The connection is made with mutual TLS. The SDK will also provide the API Session token to the edge routers, allowing them to validate the connection. When the API Session becomes invalid, edge routers will be notified and connections associated with that API Session will be terminated.
Dial the Service
The SDK will pick an edge router and send it a Dial request for desired service along with the Service Session token. The edge router selected is known as the initiating router. The edge router will translate this into a 'create circuit' request to the controller. The controller will select a path and will message the routers in the path, so they can update their routing tables and/or make connections to application servers as necessary.

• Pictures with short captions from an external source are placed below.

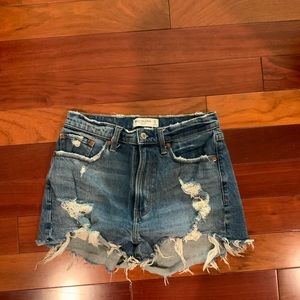 Abercrombie & Fitch Mom Short High Rise Curvy Love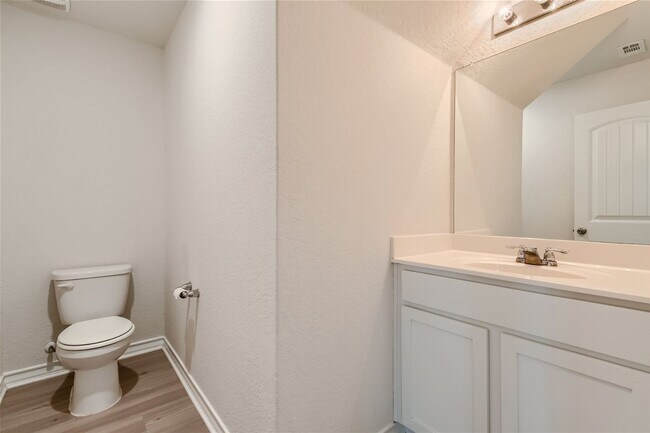 Building Photo - Awesome Amenities!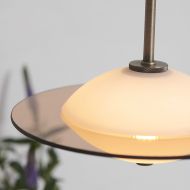 ORBIT Aussergewhnliche Hngeleuchte Glasring in Amber, Halterung Messing antik.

The path will be selected based on the cost of the terminators available on that service, plus the cost of the routers and links from the initiating router to the terminator's router. The last router in the path is called the terminating router.
- Router costs can be set via the management API. There is also a configurable minimum router cost. A minimum cost will prevent paths from adding unnecessary hops or from bouncing between two similar paths.
- Link costs are currently based on the link's round-trip latency
- Terminators have a static cost which can be managed via the management API for static terminators, or via the SDK for dynamic terminators.
- Terminators also have a dynamic cost. The more circuits on a terminator, the higher the cost. As circuits are torn down, the cost goes back down. Dial failures will also temporarily raise the dynamic terminator cost.
Established Circuit
Once the routing and connection to the application server are established, the circuit is made. The controller notifies the initiating router and data can now flow between the SDK and the application server.